Manhattan Project: Create a System of World Conferences to Overturn Geopolitics
By Kynan ThistlethwaiteCreate a System of World Conferences to Overturn Geopolitics
During the Schiller Institute Memorial Day international conference, May 24-25, the necessity of diplomacy and dialogue in world affairs was echoed by diplomats from the U.S. and other nations. The participation of veteran diplomats, such as Amb. Jack Matlock, former ambassador to the Soviet Union from 1987-1991, Amb. Dmitry Chumakov, Deputy Permanent Representative of the Russian Federation to the United Nations, and Her Excellency Naledi Pandor, former South African Minister of Foreign Affairs, demonstrated the unity which could be achieved between nations of the United States, Russia, and the Global South for a new security and development architecture, as promoted by Schiller Institute Chairwoman Helga Zepp-LaRouche.
The purpose of the conference, and the role of the Schiller Institute, is to provoke a series of worldwide conferences which will discuss the principles of statecraft, economy, and culture to bring about a new paradigm in which the One Humanity triumphs over the Many. The great German cardinal and scientist, Nicholas of Cusa, in his effort to unite the Western and Eastern Churches during the Council of Florence in the 15th Century, had referred to this idea of the One being more powerful than the Many as the Coincidence of Opposites.
At the 13th International Meeting of High Representatives for Security Issues in Moscow, which involved over 105 nations, Russian President Vladimir Putin said to the group: “I have said it before and will reiterate: we are convinced that the new security architecture must be equal and indivisible—that is, all states must receive firm guarantees of their own security, but not at the expense of the security and interests of other countries.” The role of Russia in the Second World War, where over 27 million Soviet men and women lost their lives to defeat the scourge of fascism in Europe, was also noted by Putin, “The experience of uniting states in the fight against evil, against Nazism and militarism, the understanding of the colossal price humanity paid for peace and freedom, for the right of peoples to choose their own path of development, laid the foundations of the post-war world order and led to the creation of the UN—a universal, legitimate organisation based on the principles of international law, which has helped overcome many geopolitical challenges.”
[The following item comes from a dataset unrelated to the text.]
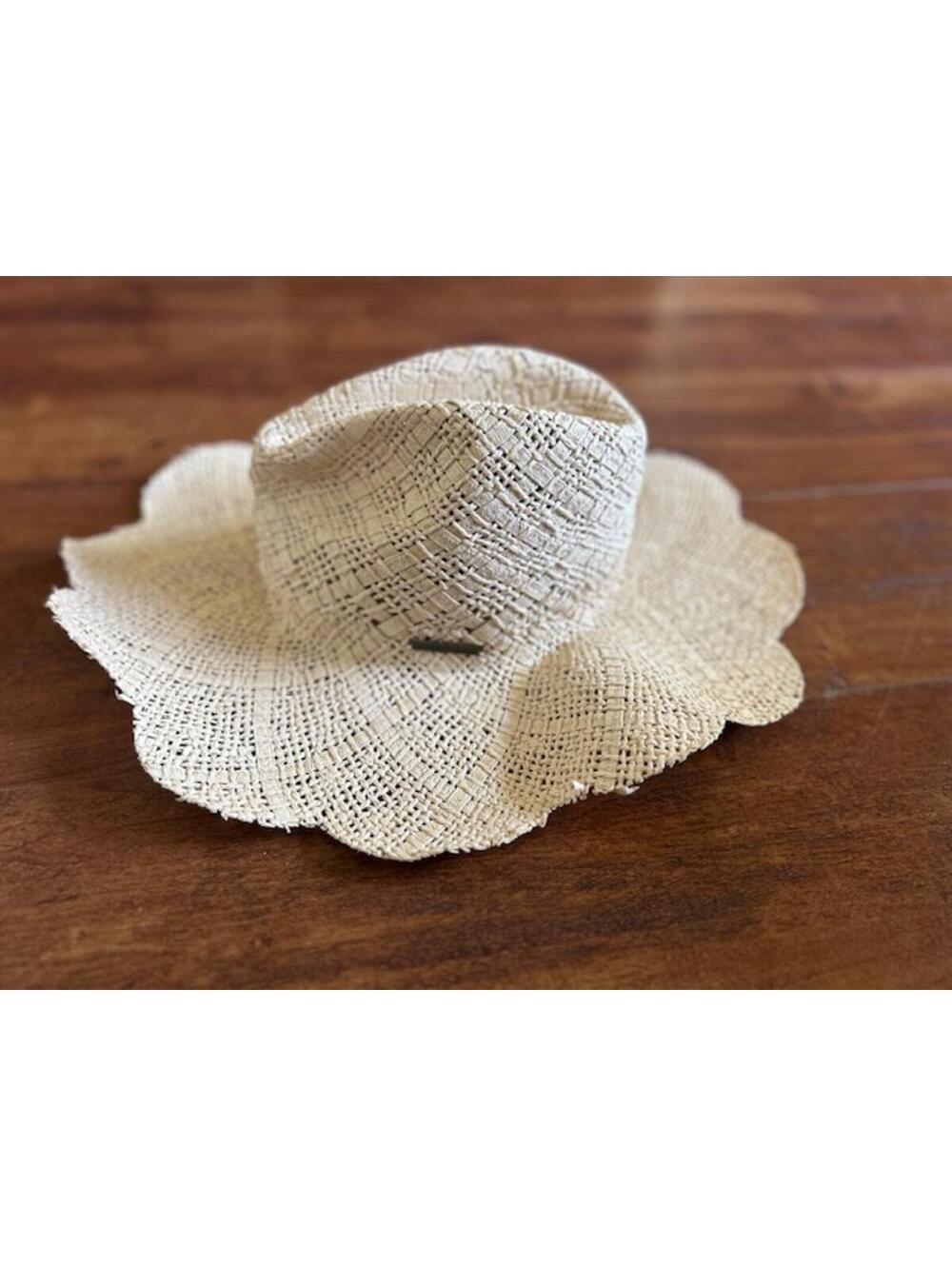 O'Neill Beige Straw Sun Hat with Scalloped Brim
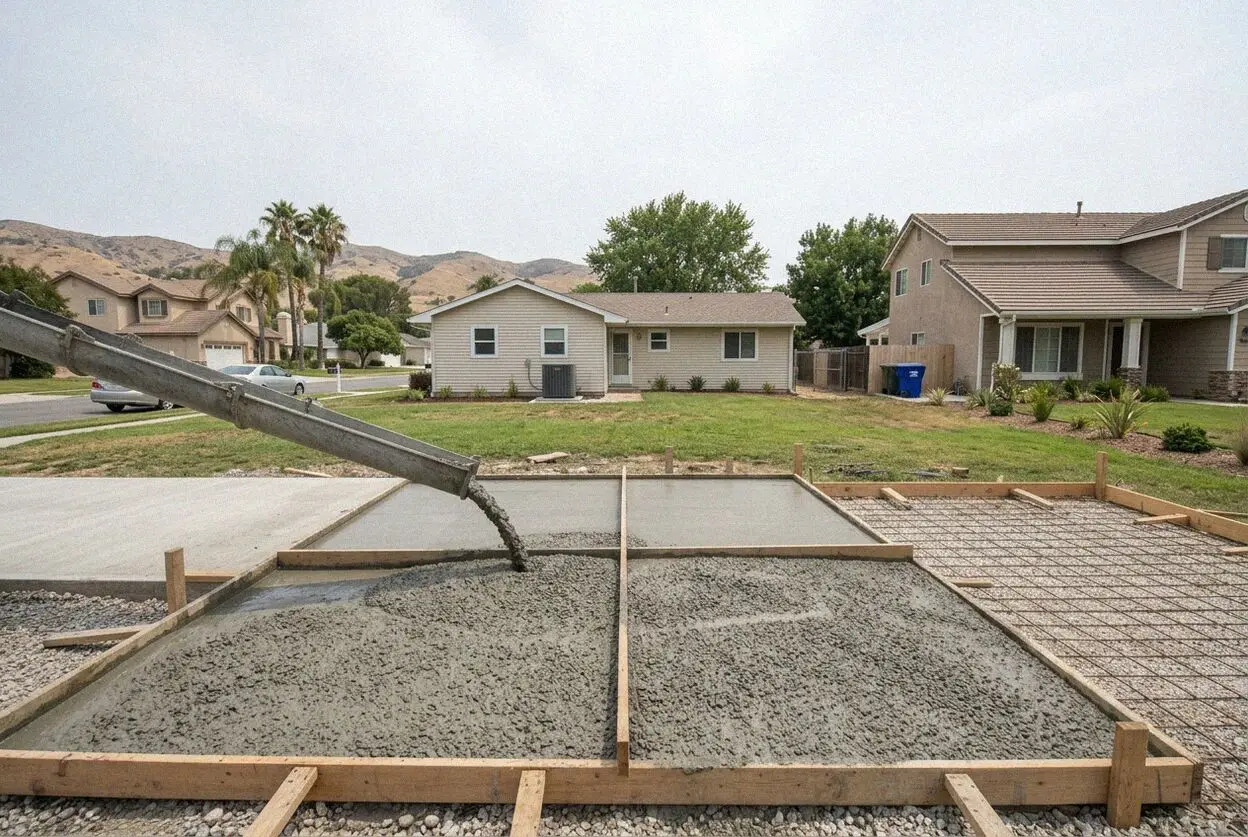 Concrete workers finishing a residential slab in Lake Elsinore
The intention of Franklin Roosevelt in his vision for the UN, an international organization based on principles of natural law, not the unprincipled so-called rules of the “rules-based order,” was to eliminate for good British, French, Portuguese, and Dutch colonialism, and bring about a new, just economic order based on the successful revival of the American System of Political Economy in the United States during Roosevelt’s first presidential term. As the various groupings of nations assemble for the June 17-19 meeting at the United Nations on the issue of Palestine, the intervention of the LaRouche Organization will be crucial to upshift that meeting from mere political matters, to a discussion on the principles of a new, security and development architecture which overturns geopolitics, and places on the table Lyndon LaRouche’s Oasis Plan for Southwest Asia.